The meaning of the word "consorted" varies but the Greek carries overtones of seduction or rape. We are with the gods as described by the pre-Socratic philosopher Xenophanes, who critiqued these antics of the gods:

"Homer and Hesiod have attributed to the gods all sorts of things which are matters of reproach and censure among men: theft, adultery and mutual deceit."

Xenophanes went on to criticise how human beings created gods in their own image:

But mortals suppose that gods are born,
wear their own clothes and have a voice and body. (frag. 14)

Ethiopians say that their gods are snub-nosed and black;
Thracians that theirs are blue-eyed and red-haired. (frag. 16)

But if horses or oxen or lions had hands
or could draw with their hands and accomplish such works as men,
horses would draw the figures of the gods as similar to horses, and the oxen as similar to oxen,
and they would make the bodies
of the sort which each of them had. (frag. 15)

Xenophanes himself was not a monotheist, but tended towards monotheism:

One god is greatest among gods and men,
Not at all like mortals in body or in thought. (frag. 23)

This concept formed a foundation within Platonism and Neo-Platonism, where God was defined in terms far removed from the domain of human beings. This was a great god, a being above all beings, beyond the vices of mere mortals, a being apart, unchangeable, impassable,  not like "mortals in body or in thought".

Judaism approached the matter differently. Humans were made in the "image of God", they may not have possessed attributes of divinity, but they reflected that image, however disfigured and scarred it might seem.  And their God was very different. Sometimes the texts present a God of blood, a God who orders slaughter, but there are later texts which tell the Israelites that God is not on their side, he is a God of justice and mercy, and if their society becomes corrupt, he will destroy it.

The experience of the Babylonian capture of Jerusalem and the exile led to a divergence between those who wanted to return to a mythical purity of the past, and those who saw God suffering with his people, and called for an end to empty sacrifices, and spoke of the suffering servant, where God was deeply involved with his creation and his people, not as a distant ruler, but as one who suffered and wept alongside them.
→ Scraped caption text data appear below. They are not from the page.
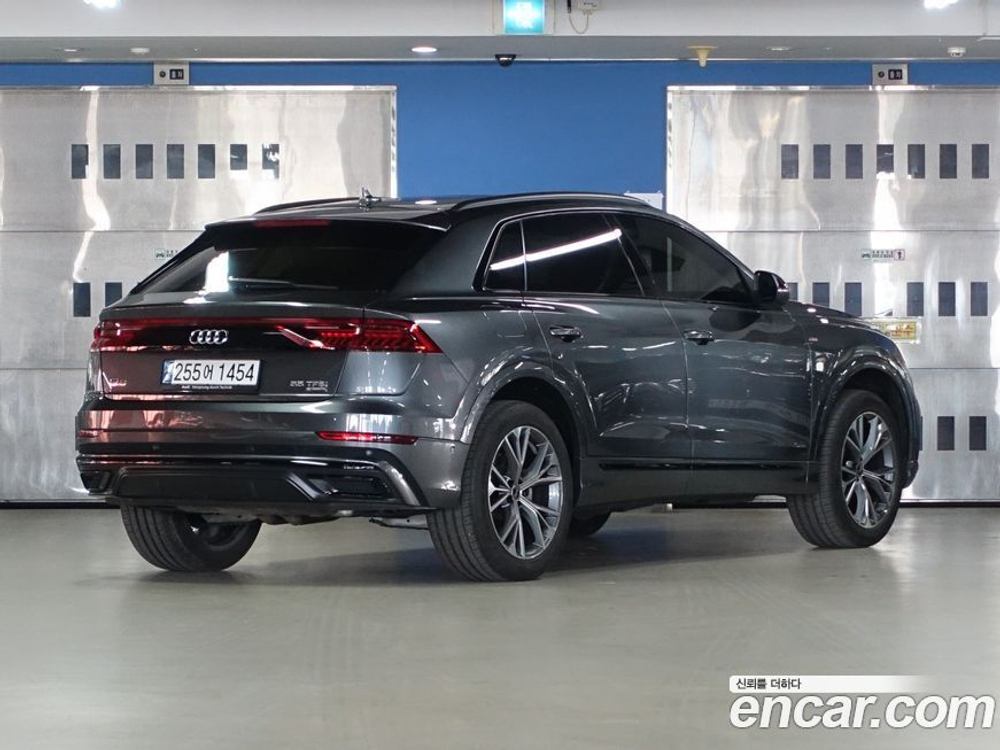 Audi Q8 55 TFSI Quattro Premium (06.2022)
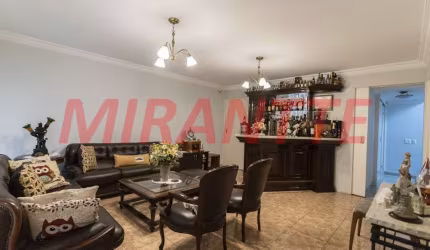 Sobrado de 470m² com 5 quartos em Barro Branco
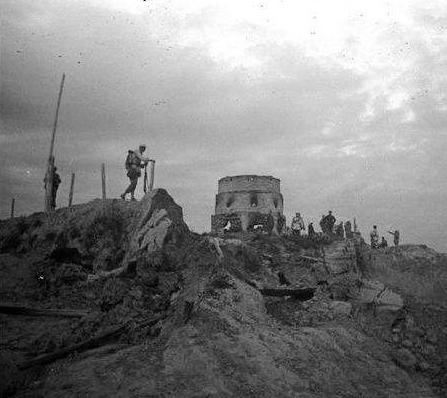 山东八路军咋打日军据点?从日伪手里买炸药,骗过门卫塞进炮楼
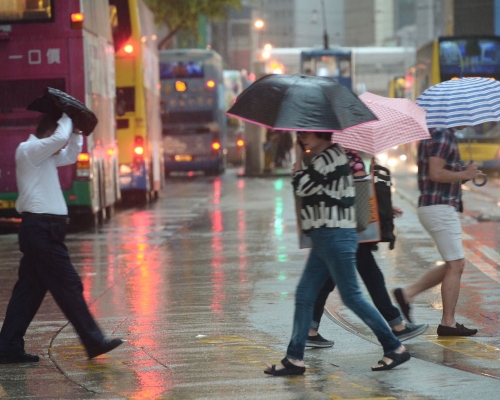 天文台下午5時取消黃色暴雨警告信號。蘇正謙攝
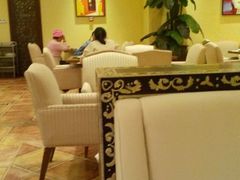 -月亮河温泉度假酒店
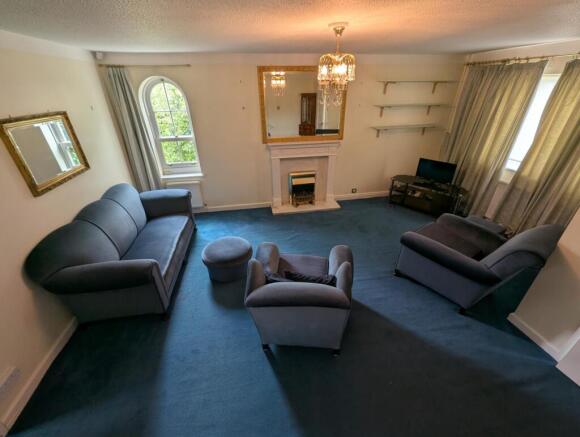 Lounge 2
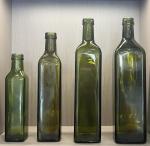 Capacity 200ml/300ml/500ml/750ml/1000ml Glass Bottle with Twelve Zodiac Relief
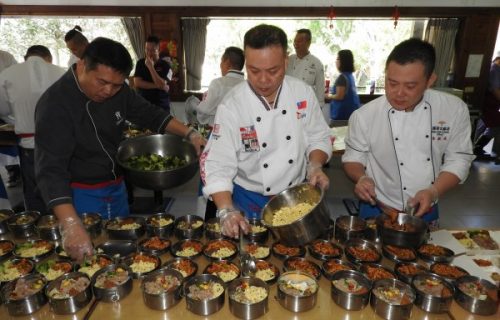 「欣臨餐飲名廚義煮團」今至南投縣國姓鄉，為獨居長輩準備5星級便當。（記者佟振國攝）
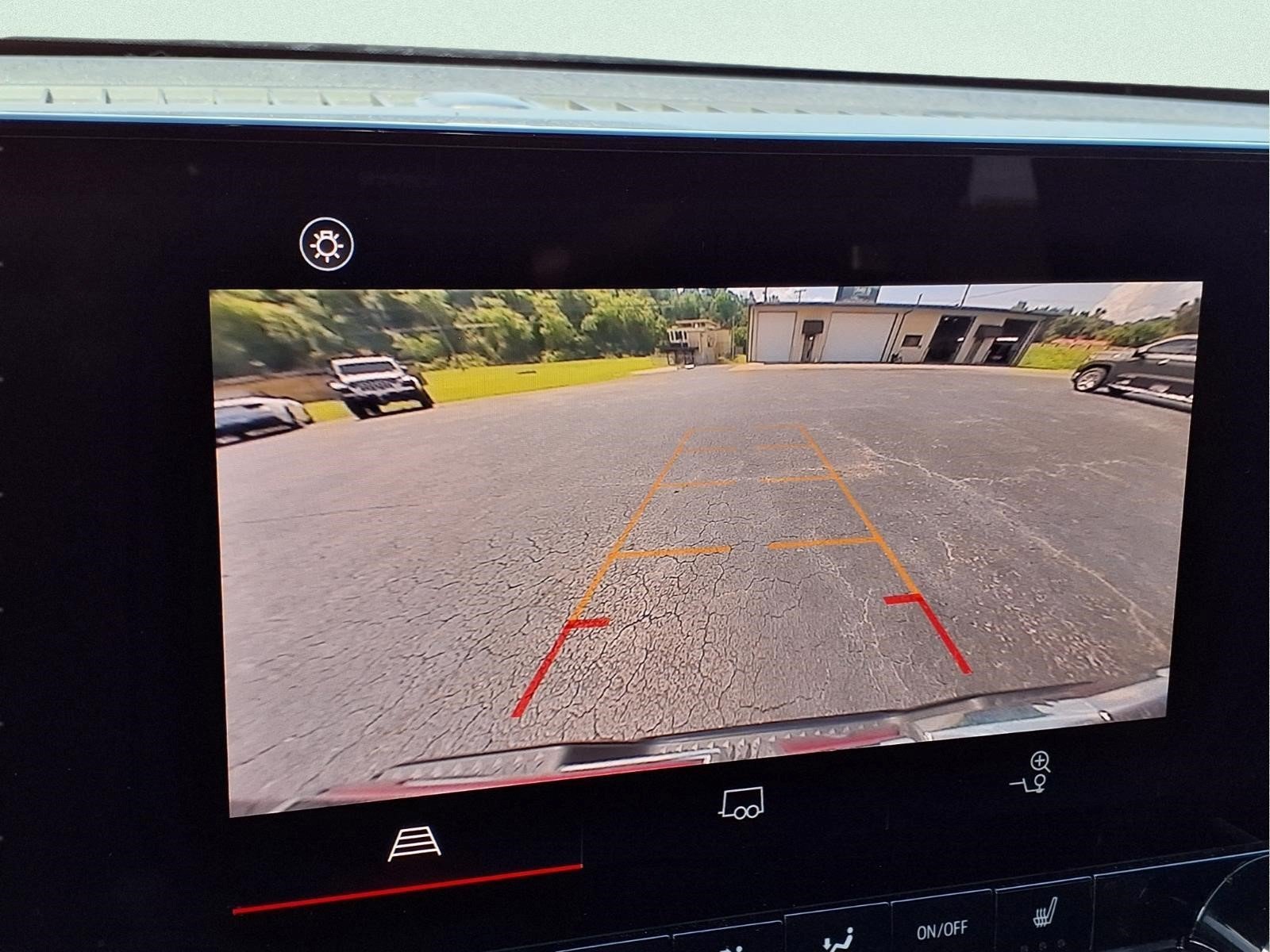 Used 2023 GMC Canyon AT4 AWD/4WD image 9
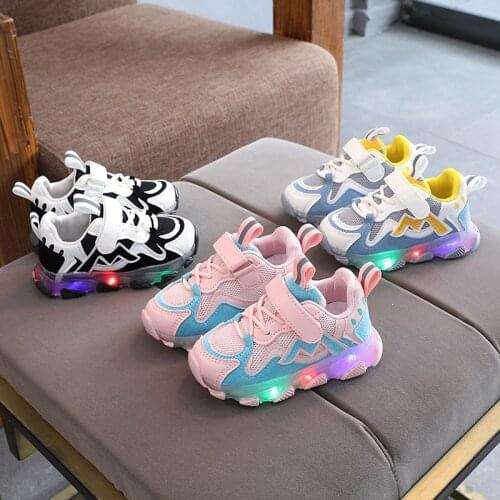 2021 spring and autumn new childrens breathable sneakers girls non-slip soft bottom 3 colors optional toddler shoes LED light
This is very different from the Greek perceptions of deity, of gods and goddesses in the splendour of Mount Olympus, or the philosopher's God, remote and abstract. And that background, within Judaism, is where the Christmas story comes in.

That is why I think the story resonates with us today. And it is all about story, and the power of story to present images of deity and infancy which are so powerful that they still find their way into nativity plays today.

It would perhaps be disingenuous to say that whether or not it happened doesn't matter. Christians believe very much that it was something happening in history as well as story, but the power of the narrative comes from story, and not theology. It is not creed but narrative, a story of God becoming an outcast from himself, living among those outcast at the edge of society.

We are, after all, story telling creatures, and it is stories that we need to draw on for strength, inspiration, understandings of the world. Where our focus becomes too narrow, and we lose sight of story, we may be very successful - as in business - but we lost something of what it is to be human.

Children instinctively respond to stories, and unless we become deadened by the everyday, the Christmas story still elicits a response in us. It is an ancient story enacted and retold with a wide appeal that speaks to the inner child, and can reawaken, for Christmas at least, that sense of wonder and mystery.

That is part of the lesson of Scrooge. As an anonymous quote puts it -" the successful man is the average man, focussed", and Scrooge was an average man, supremely focussed on his business, and very successful as a result, but forgetting that, as Marley reminded him, mankind should have been his business.